Return verbatim the run of lines that opens with the line holding "Lit mezzanine double" and closes with the last line of the records.

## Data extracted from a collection
══════════

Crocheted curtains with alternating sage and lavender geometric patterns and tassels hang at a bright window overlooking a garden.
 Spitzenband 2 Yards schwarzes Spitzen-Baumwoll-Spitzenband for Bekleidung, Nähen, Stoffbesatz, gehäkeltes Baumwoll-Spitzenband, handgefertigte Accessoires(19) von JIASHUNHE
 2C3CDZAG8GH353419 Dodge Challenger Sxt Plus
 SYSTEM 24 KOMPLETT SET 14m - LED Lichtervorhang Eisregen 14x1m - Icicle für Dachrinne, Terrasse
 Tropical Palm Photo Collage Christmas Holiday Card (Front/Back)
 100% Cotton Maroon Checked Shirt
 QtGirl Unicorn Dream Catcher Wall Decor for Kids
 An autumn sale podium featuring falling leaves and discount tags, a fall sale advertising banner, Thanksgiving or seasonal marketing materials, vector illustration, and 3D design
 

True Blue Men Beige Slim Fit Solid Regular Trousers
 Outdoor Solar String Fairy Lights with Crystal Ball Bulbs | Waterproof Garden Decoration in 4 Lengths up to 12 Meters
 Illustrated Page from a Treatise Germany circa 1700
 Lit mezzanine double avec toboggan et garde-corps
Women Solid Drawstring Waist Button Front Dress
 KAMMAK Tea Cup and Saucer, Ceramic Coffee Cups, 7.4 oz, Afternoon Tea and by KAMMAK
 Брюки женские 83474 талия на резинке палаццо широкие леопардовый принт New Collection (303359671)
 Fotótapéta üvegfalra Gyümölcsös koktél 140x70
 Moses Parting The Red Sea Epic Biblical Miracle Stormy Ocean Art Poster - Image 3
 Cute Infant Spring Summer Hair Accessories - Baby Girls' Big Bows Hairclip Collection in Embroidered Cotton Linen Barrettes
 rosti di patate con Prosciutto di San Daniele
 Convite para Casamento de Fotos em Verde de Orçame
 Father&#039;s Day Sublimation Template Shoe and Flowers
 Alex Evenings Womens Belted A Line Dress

══════════

## Reply to the task
 Lit mezzanine double avec toboggan et garde-corps
Women Solid Drawstring Waist Button Front Dress
 KAMMAK Tea Cup and Saucer, Ceramic Coffee Cups, 7.4 oz, Afternoon Tea and by KAMMAK
 Брюки женские 83474 талия на резинке палаццо широкие леопардовый принт New Collection (303359671)
 Fotótapéta üvegfalra Gyümölcsös koktél 140x70
 Moses Parting The Red Sea Epic Biblical Miracle Stormy Ocean Art Poster - Image 3
 Cute Infant Spring Summer Hair Accessories - Baby Girls' Big Bows Hairclip Collection in Embroidered Cotton Linen Barrettes
 rosti di patate con Prosciutto di San Daniele
 Convite para Casamento de Fotos em Verde de Orçame
 Father&#039;s Day Sublimation Template Shoe and Flowers
 Alex Evenings Womens Belted A Line Dress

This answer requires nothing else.